━━ RECORDS FOR THE EXERCISE
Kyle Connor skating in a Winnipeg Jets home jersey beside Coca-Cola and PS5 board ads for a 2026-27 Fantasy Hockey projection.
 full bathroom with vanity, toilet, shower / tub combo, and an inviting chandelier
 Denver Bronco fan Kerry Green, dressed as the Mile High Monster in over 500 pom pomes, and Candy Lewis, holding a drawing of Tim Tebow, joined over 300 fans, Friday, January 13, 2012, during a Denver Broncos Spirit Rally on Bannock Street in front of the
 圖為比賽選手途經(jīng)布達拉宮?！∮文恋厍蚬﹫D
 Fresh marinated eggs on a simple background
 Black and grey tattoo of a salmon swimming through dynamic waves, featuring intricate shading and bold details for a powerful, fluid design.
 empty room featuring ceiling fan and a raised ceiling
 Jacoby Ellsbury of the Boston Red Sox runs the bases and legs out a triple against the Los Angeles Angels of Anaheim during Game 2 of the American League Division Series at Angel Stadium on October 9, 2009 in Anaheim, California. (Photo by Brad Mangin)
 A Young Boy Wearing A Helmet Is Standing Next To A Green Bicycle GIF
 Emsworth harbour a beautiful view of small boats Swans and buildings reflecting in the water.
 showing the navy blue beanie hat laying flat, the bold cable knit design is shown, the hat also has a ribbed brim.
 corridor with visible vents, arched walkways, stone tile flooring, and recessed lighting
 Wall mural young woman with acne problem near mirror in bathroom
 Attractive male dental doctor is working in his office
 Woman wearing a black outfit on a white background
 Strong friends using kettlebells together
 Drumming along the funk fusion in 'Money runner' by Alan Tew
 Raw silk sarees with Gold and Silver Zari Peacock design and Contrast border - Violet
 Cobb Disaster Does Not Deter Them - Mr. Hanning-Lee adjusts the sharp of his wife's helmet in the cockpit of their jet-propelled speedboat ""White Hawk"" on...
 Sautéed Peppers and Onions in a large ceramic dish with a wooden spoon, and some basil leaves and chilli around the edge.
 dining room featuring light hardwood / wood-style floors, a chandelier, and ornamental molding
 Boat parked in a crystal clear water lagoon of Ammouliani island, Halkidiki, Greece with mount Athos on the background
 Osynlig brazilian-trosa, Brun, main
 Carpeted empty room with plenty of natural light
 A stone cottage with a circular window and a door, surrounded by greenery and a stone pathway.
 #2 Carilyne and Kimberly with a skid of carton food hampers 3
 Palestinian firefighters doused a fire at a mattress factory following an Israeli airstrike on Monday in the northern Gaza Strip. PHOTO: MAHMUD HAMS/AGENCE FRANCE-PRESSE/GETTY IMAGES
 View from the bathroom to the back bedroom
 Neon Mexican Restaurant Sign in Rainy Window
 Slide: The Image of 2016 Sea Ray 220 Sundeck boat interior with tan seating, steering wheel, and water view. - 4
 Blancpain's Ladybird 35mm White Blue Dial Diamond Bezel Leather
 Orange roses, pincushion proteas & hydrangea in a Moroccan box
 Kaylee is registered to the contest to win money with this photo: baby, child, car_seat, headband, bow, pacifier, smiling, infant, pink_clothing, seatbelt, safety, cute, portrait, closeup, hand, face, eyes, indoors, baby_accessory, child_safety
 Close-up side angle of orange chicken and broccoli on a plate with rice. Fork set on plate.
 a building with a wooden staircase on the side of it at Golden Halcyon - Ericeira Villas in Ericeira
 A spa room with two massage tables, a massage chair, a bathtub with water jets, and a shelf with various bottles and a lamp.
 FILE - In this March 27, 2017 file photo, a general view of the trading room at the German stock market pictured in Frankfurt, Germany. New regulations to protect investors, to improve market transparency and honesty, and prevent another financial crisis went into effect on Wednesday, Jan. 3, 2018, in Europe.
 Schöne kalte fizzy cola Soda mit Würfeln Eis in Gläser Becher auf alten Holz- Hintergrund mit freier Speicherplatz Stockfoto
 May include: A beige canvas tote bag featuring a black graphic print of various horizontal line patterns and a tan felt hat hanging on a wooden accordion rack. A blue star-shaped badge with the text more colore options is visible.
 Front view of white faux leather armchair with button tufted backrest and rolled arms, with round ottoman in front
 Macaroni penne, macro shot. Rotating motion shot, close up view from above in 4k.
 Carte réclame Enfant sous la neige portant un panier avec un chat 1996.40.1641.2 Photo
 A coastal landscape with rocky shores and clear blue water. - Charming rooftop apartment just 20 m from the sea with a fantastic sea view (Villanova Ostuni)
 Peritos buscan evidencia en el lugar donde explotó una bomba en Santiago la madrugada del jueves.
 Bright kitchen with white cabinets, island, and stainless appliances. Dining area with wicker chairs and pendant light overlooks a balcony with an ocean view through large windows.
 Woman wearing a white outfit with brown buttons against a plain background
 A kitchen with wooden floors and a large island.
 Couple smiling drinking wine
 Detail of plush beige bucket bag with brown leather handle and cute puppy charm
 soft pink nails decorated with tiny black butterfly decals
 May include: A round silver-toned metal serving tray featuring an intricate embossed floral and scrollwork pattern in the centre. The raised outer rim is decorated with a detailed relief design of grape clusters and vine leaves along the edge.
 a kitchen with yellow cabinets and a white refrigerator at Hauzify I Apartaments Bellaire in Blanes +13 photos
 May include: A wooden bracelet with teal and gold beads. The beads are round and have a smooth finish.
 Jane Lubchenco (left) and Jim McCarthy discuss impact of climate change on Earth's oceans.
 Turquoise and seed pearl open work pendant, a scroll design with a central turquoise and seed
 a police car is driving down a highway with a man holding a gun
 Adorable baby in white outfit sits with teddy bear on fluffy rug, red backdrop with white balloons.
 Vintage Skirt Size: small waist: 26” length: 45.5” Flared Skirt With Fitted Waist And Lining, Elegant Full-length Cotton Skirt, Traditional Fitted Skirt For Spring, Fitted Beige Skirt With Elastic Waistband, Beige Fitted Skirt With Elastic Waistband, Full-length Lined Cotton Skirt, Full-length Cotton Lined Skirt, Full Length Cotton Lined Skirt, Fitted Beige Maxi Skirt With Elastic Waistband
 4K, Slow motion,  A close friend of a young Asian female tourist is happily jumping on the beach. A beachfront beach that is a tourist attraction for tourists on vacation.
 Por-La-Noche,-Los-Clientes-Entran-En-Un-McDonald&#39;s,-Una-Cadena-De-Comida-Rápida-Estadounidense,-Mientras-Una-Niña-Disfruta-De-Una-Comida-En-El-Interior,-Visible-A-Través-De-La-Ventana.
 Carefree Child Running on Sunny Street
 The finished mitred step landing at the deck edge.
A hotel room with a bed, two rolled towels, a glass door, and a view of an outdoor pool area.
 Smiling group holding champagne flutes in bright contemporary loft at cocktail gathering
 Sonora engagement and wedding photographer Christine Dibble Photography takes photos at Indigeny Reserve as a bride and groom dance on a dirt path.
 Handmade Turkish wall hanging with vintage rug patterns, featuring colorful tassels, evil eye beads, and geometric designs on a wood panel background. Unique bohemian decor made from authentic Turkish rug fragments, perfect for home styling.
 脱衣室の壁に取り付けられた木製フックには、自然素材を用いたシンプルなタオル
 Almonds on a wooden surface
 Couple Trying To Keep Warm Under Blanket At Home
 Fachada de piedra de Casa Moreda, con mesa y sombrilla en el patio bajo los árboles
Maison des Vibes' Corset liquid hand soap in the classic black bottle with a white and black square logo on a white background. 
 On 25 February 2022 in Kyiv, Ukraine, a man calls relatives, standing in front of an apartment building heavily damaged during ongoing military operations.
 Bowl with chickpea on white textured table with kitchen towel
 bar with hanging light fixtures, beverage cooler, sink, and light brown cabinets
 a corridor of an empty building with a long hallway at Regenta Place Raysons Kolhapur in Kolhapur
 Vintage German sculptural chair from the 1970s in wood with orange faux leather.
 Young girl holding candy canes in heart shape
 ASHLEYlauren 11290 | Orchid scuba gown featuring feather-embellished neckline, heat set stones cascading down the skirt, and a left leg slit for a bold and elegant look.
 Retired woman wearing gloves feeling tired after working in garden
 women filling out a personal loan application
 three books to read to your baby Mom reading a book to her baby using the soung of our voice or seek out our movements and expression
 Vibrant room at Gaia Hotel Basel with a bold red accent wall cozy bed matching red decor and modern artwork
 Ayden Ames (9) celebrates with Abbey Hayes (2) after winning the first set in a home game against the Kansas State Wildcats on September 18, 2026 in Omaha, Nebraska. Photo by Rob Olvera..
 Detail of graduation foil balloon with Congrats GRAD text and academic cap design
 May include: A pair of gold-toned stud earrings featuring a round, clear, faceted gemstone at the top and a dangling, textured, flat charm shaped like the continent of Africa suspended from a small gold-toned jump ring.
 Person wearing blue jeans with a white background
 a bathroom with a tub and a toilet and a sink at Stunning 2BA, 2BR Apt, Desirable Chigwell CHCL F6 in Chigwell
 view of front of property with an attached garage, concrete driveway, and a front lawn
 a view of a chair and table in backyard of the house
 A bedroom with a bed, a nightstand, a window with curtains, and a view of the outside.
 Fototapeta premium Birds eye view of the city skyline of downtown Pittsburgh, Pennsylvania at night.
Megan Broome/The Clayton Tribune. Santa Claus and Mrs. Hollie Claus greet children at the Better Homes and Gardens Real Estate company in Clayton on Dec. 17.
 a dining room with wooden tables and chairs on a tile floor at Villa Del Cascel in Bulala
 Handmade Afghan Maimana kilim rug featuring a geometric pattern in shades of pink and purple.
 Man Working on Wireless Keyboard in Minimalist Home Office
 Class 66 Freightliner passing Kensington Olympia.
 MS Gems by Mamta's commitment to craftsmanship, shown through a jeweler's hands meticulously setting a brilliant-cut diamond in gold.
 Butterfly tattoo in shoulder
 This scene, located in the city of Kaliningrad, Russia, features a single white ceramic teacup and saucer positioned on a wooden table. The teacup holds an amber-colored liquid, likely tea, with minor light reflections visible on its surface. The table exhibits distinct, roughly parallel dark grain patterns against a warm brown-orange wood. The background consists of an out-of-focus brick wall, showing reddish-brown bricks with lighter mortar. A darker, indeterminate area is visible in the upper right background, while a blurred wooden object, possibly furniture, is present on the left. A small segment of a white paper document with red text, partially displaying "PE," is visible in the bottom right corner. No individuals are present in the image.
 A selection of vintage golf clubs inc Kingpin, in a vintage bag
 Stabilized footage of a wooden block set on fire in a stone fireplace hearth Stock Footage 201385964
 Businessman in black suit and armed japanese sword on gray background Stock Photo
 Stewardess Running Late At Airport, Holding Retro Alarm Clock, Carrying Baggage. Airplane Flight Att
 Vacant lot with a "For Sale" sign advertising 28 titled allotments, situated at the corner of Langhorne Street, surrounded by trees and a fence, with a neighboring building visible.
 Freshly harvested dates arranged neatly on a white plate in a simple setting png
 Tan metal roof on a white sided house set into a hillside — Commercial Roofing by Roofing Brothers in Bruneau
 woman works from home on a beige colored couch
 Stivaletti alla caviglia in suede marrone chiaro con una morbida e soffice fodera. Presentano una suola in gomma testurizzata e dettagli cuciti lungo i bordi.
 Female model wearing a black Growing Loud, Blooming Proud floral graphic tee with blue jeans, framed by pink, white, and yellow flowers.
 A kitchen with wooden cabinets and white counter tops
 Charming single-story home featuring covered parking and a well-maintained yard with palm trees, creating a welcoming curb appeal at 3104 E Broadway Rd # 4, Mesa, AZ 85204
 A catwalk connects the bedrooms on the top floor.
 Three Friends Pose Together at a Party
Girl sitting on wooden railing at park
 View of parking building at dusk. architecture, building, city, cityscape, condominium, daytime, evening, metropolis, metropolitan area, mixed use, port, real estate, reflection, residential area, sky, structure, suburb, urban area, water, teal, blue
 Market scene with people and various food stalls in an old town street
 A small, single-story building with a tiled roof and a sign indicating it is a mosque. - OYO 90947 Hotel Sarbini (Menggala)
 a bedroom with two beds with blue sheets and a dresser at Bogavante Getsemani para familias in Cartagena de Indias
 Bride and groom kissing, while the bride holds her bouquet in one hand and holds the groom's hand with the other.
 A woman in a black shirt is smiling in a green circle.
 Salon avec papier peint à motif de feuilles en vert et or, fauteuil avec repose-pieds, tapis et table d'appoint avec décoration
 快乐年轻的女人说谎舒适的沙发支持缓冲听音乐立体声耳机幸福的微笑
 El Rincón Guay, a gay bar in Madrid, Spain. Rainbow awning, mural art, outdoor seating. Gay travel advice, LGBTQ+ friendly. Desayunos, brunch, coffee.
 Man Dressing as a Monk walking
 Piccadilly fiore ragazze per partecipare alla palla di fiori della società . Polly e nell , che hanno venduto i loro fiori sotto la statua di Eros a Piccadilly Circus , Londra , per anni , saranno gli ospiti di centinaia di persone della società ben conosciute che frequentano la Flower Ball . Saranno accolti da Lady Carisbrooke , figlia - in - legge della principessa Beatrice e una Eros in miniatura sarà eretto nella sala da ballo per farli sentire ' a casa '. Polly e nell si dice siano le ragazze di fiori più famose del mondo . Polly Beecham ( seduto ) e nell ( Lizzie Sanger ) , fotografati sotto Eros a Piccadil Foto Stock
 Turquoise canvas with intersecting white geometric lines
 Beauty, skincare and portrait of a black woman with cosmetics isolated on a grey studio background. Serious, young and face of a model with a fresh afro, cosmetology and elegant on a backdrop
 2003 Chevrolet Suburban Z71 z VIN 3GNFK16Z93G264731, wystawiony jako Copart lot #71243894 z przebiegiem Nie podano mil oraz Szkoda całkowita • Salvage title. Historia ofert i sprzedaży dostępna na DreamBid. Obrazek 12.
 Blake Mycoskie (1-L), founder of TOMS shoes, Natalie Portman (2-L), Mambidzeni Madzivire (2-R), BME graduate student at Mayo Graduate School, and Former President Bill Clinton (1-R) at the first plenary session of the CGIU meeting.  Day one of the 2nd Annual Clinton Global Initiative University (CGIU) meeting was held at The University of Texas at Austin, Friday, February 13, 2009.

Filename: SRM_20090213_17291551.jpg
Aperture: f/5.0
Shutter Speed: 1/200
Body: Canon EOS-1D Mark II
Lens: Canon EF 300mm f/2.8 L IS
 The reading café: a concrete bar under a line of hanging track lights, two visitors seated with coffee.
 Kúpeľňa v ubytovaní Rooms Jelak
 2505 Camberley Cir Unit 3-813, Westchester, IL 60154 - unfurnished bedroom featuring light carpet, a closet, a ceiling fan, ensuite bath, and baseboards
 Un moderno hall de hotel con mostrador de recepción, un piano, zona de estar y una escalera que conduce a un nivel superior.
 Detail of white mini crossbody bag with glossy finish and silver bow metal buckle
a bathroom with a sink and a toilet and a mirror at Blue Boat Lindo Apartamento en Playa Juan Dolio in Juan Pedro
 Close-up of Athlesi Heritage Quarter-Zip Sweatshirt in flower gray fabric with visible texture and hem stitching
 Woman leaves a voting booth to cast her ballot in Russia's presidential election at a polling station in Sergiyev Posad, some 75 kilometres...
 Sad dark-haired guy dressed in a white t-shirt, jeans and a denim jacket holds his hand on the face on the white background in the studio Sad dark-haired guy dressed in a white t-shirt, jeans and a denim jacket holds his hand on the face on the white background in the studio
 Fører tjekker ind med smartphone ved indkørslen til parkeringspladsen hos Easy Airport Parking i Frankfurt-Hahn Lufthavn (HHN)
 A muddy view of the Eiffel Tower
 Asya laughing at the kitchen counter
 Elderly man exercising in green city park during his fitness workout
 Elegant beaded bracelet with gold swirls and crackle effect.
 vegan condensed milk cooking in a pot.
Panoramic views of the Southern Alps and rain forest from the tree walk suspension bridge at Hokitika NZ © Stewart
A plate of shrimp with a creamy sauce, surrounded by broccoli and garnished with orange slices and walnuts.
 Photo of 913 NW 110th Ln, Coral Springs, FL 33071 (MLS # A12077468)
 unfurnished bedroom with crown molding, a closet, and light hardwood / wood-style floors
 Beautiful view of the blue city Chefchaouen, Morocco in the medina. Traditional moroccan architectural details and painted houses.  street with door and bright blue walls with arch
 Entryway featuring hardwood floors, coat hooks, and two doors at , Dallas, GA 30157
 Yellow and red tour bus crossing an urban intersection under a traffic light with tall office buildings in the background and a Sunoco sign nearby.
━━━━
## WORK TO COMPLETE
Wherever a line of the listing above contains the string "shown", copy that line.

## ANSWER TO THE PROBLEM
 showing the navy blue beanie hat laying flat, the bold cable knit design is shown, the hat also has a ribbed brim.
 MS Gems by Mamta's commitment to craftsmanship, shown through a jeweler's hands meticulously setting a brilliant-cut diamond in gold.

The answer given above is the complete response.